PROVIDED RECORDS ::

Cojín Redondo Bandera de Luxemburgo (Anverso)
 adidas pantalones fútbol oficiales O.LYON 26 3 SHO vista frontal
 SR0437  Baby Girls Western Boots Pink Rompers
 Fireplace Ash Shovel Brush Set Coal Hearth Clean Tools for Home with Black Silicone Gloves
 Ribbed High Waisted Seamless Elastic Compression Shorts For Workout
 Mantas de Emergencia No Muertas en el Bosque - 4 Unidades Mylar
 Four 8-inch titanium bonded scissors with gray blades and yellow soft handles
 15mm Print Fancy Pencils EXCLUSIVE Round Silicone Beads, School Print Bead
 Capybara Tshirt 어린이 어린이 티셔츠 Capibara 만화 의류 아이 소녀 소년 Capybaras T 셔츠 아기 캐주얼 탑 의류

WORK TO COMPLETE :: Print out the entire listing above without any change.

ANSWER SECTION ::
Cojín Redondo Bandera de Luxemburgo (Anverso)
 adidas pantalones fútbol oficiales O.LYON 26 3 SHO vista frontal
 SR0437  Baby Girls Western Boots Pink Rompers
 Fireplace Ash Shovel Brush Set Coal Hearth Clean Tools for Home with Black Silicone Gloves
 Ribbed High Waisted Seamless Elastic Compression Shorts For Workout
 Mantas de Emergencia No Muertas en el Bosque - 4 Unidades Mylar
 Four 8-inch titanium bonded scissors with gray blades and yellow soft handles
 15mm Print Fancy Pencils EXCLUSIVE Round Silicone Beads, School Print Bead
 Capybara Tshirt 어린이 어린이 티셔츠 Capibara 만화 의류 아이 소녀 소년 Capybaras T 셔츠 아기 캐주얼 탑 의류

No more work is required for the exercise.